I am describing a federal criminal prosecution I was involved with many years ago. I was innocent.

If you read my blog regularly, I apologize for the delay from my last blog. The last one got me. I have never been able to get the words out until now and it’s not “smooth”. Subconsciously, I think I was waiting to be bulletproof. That day will never come.

I received a big thick package from the US Department of Justice in the mail.  I wasn’t expecting anything and I had learned to strongly dislike getting the mail.  Sometimes one of my three young kids would bring me the mail and see that it was a big package thinking, the bigger, the better and they would hand it to me with wide-eyed anticipation of something “cool” inside. As I glanced at the return address, I knew they would be irritated with me when I would not open it in front of them.

I took the package and went and sat on the back steps alone.  This looked like a serious package.  

I opened it to find that it was my sentencing package.  Wow, this was pretty gut-wrenching to see all the things I was found guilty of and what the Government could do to me if they got their way – all in black in white. I read through the description of the crimes I had not committed and how many years of prison time I could serve while listening to my kids playing in the next room. I read a little of the sentencing information and tempered my review to keep my emotions in check.  It was a remarkably similar feeling to the day that the prosecutor called me years ago to tell me that I was the target of an investigation – that same overwhelming disbelief. I felt the weight of the package in my hand and it felt very, very heavy to me.

A more than “heavy” package, Supply Justice

The Government wanted to get on with sentencing as soon as possible, in part, I believed because an investor arbitration was scheduled soon. The same cooperating Government witnesses that testified against me at trial were going to be sitting beside me, defending themselves. What an odd situation, I thought.

In spite of an arbitration and Rule 29/33 filing, I was told that I had to start asking my friends, family, and former co-workers for character letters.
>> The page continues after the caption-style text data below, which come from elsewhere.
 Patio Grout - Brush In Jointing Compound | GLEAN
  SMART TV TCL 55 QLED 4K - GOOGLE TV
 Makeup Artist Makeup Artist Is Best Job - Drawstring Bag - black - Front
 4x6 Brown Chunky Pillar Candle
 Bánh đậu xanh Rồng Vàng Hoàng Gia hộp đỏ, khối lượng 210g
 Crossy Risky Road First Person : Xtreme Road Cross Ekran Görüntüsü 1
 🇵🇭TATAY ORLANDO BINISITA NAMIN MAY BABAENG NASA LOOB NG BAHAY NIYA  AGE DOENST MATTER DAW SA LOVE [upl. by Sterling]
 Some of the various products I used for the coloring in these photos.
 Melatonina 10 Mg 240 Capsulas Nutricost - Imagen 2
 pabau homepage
My attorney said that if sentencing were to take place, it was possible we wouldn’t have much notice. I should be prepared with these letters.  If I were to get sentenced, I would produce these character letters to the Court. I would assimilate that whole process to asking people what they would say at your funeral.  I am not kidding.  You will probably never truly know what people think of you until you are dead or in such an unusual situation as this.
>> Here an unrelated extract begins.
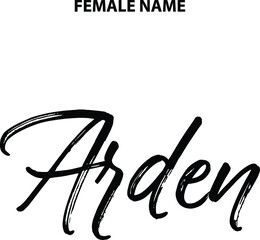 Word Art Person Female Name Arden Vector Graphic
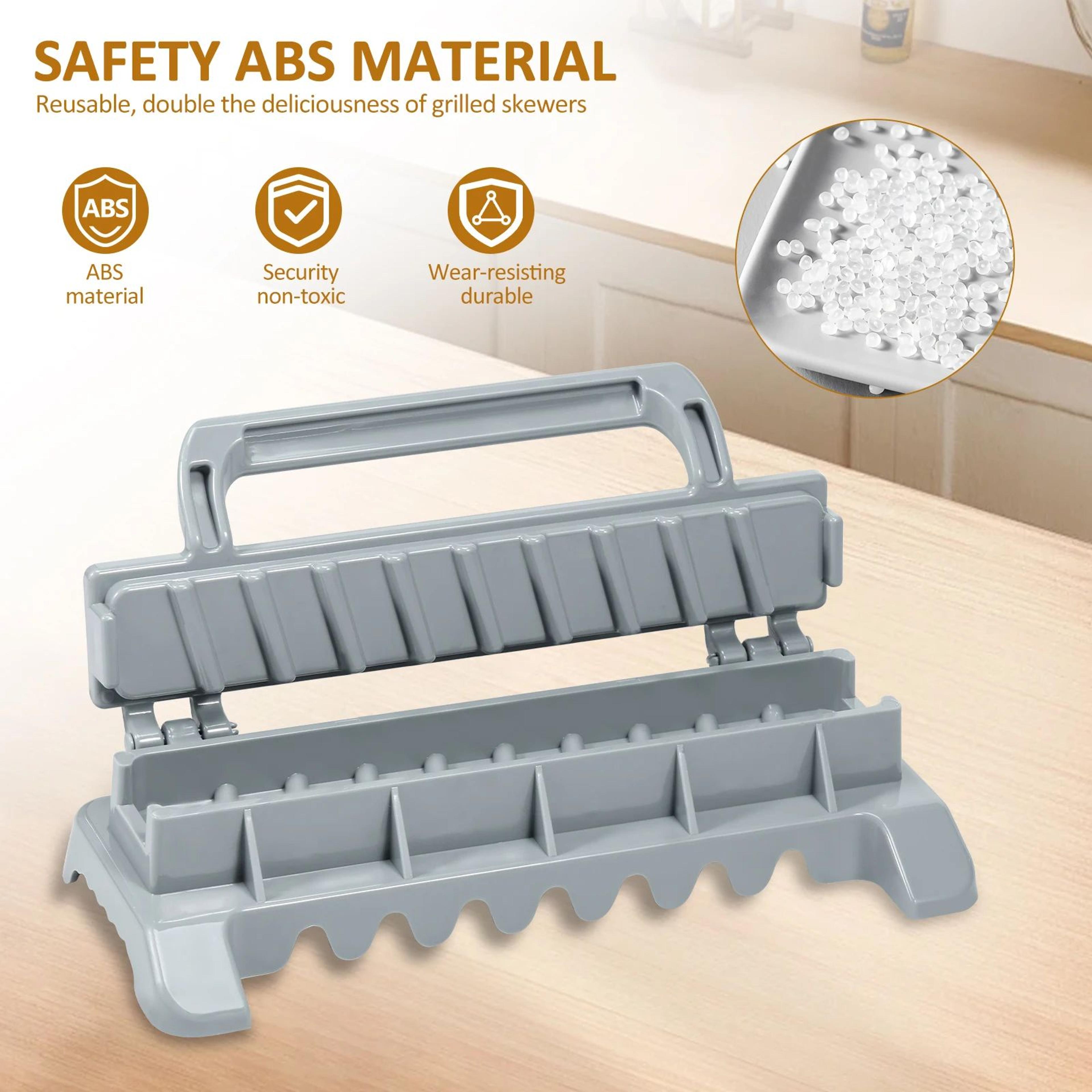 Reusable Kebab Maker Manual Kebab Press BBQ Skewer Maker For Homemade Meat Skewers 1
A more than “heavy” package, Supply Justice

People that had known me for years or not long at all were shocked by what was happening to me.  It put them in a tough spot with our relationships.  They had to think about – did they not really know me and I was really a criminal OR did the Government convict an innocent person? Either way, there was an unsettling feeling on both sides. It was hard to ask for character letters and I would imagine equally hard to respond, even with the best relationships.

It was difficult and humbling to keep everyone up with what was going on with the case, so I answered the questions that I was asked, but I didn’t update everyone with each new development – partly because I didn’t really have the time and partly because it was just plain difficult to put it into words. My emotional energy was waning and I needed to protect my strength.

With my husband being so fearful, I was constantly confronted with his “what-if’s” for the future. I couldn’t go there either, all I had was “that day” and I wanted to live my life the best I could. When you are full of fear, often that is an overwhelming emotion and you don’t feel other things. I just didn’t want to do that.

I collected over 45 character letters in a few weeks.  I still didn’t like to get mail.  I would recognize the character letters when they came in the mail, but at first, I couldn’t open them.  I would put them in a big envelope when I got them.  I knew each one was a potential personal lifeline. I did open the letters eventually. I chose not to read the letters much. It broke my heart for both of us.